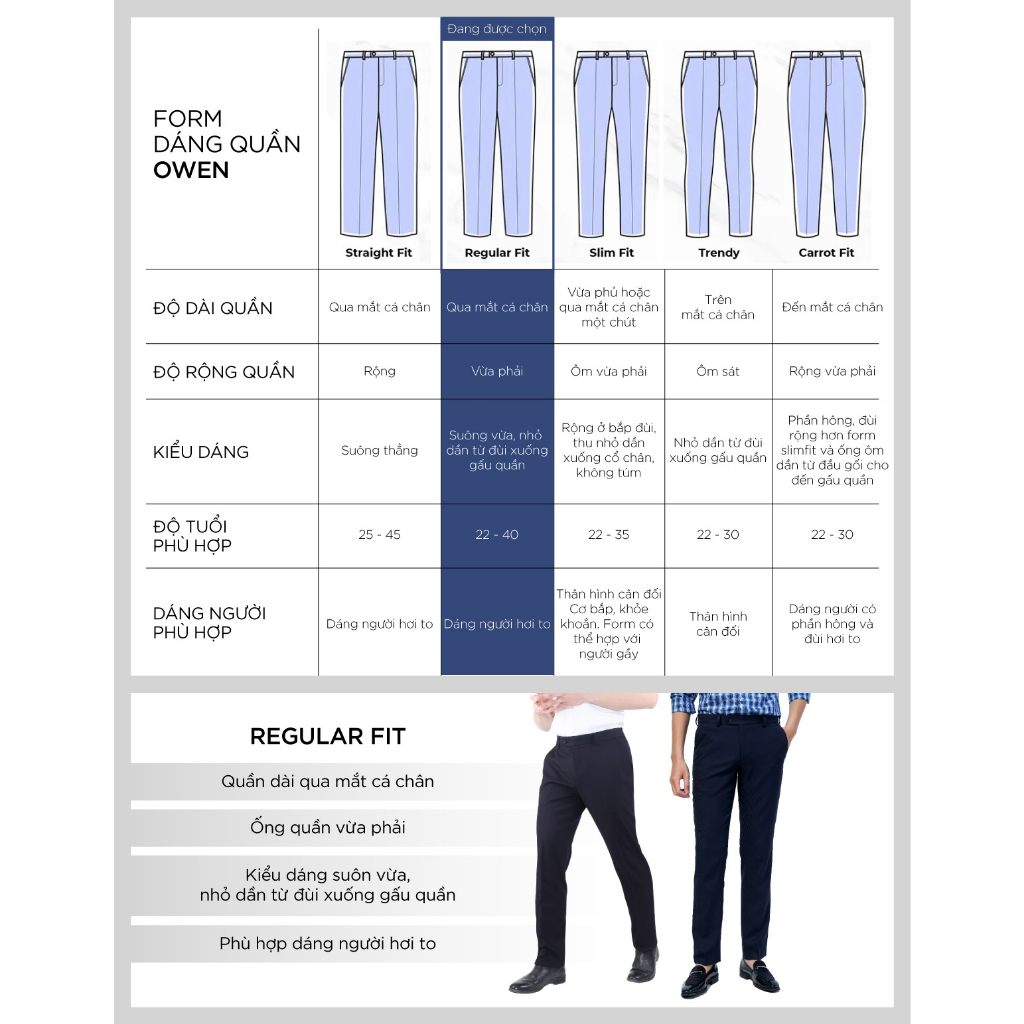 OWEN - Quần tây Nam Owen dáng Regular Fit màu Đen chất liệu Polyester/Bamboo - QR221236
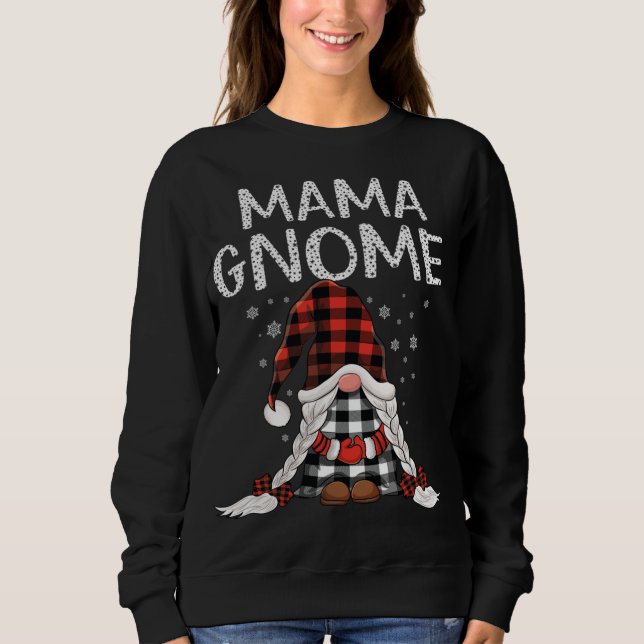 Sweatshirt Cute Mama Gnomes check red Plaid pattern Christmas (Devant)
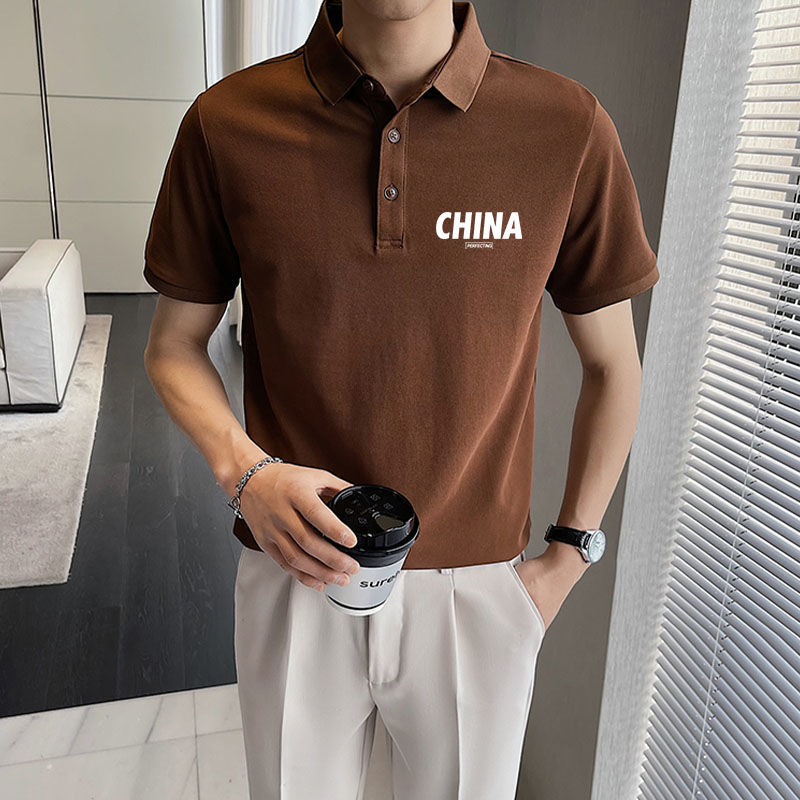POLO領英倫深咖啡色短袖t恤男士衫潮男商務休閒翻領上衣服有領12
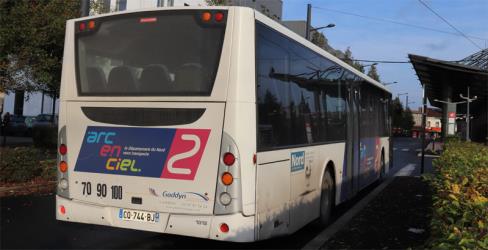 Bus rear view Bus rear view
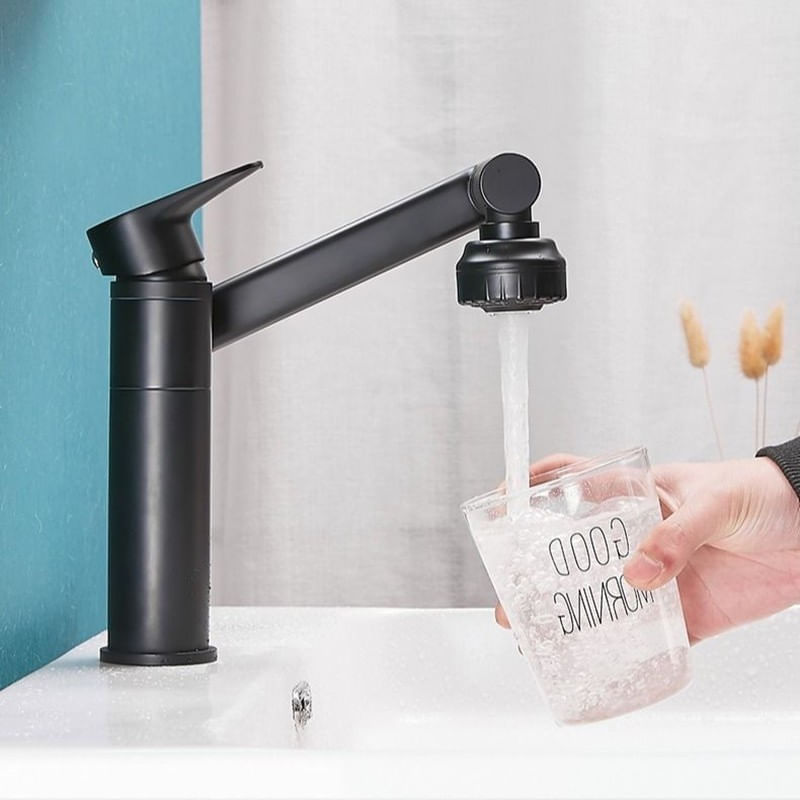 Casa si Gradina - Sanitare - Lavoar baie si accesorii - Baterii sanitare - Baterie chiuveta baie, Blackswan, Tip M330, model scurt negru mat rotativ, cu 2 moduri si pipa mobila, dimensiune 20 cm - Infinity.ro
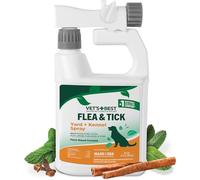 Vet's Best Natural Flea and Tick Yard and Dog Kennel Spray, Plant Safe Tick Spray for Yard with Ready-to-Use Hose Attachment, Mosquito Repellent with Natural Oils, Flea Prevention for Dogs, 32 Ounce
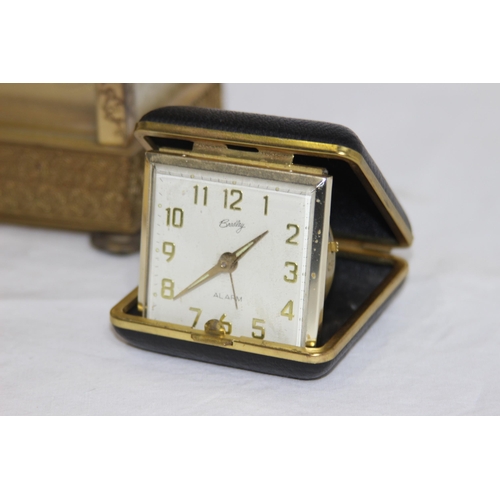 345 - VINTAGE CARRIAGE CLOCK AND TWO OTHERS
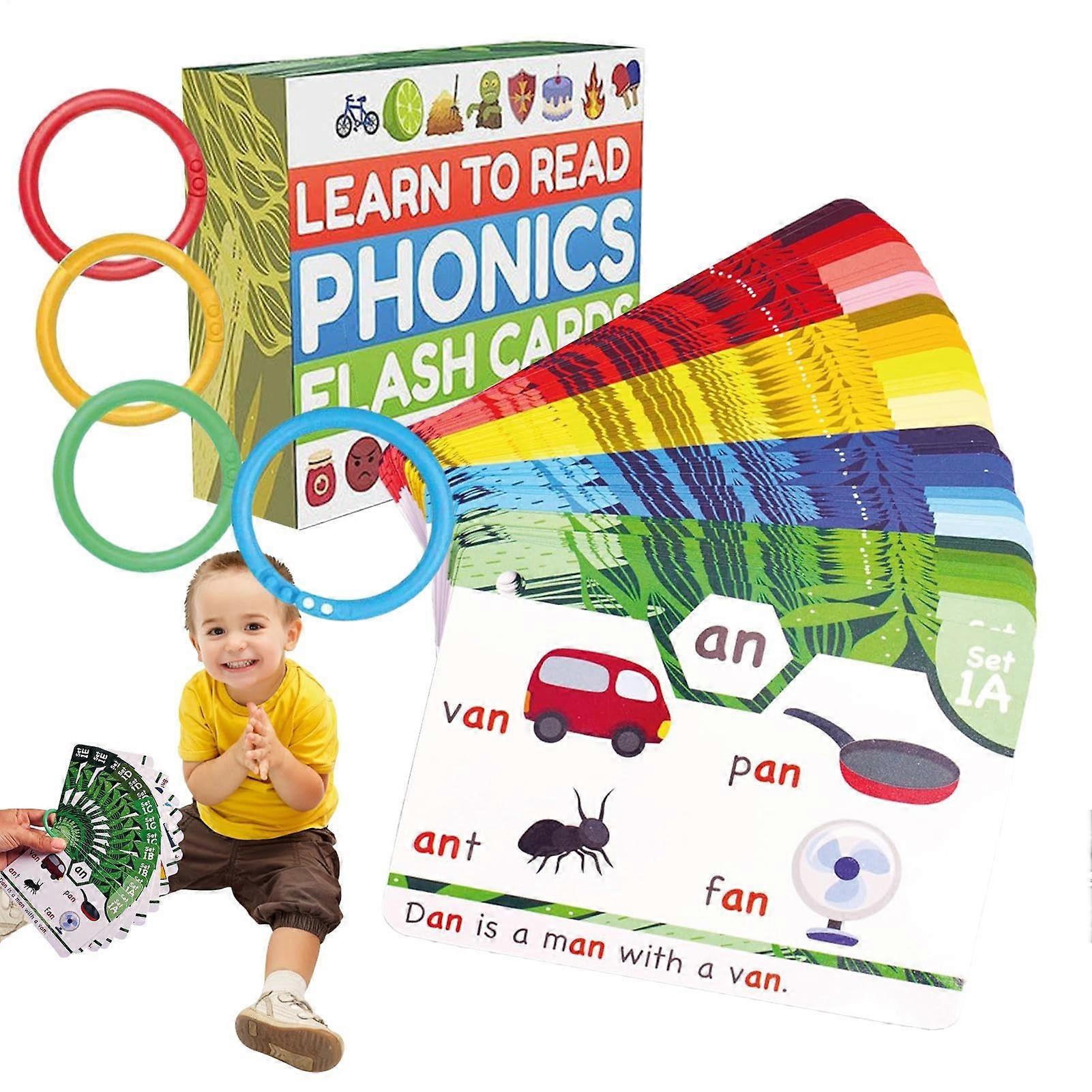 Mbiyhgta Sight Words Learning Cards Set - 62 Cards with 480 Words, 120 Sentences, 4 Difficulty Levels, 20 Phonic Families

Assigned task: Pictures stay out. Print the lines of the records above exactly, from the first through the one with "345 - VINTAGE CARRIAGE CLOCK AND TWO OTHERS".

Task solution:
 OWEN - Quần tây Nam Owen dáng Regular Fit màu Đen chất liệu Polyester/Bamboo - QR221236
 Sweatshirt Cute Mama Gnomes check red Plaid pattern Christmas (Devant)
POLO領英倫深咖啡色短袖t恤男士衫潮男商務休閒翻領上衣服有領12
 Bus rear view Bus rear view
 Casa si Gradina - Sanitare - Lavoar baie si accesorii - Baterii sanitare - Baterie chiuveta baie, Blackswan, Tip M330, model scurt negru mat rotativ, cu 2 moduri si pipa mobila, dimensiune 20 cm - Infinity.ro
 Vet's Best Natural Flea and Tick Yard and Dog Kennel Spray, Plant Safe Tick Spray for Yard with Ready-to-Use Hose Attachment, Mosquito Repellent with Natural Oils, Flea Prevention for Dogs, 32 Ounce
 345 - VINTAGE CARRIAGE CLOCK AND TWO OTHERS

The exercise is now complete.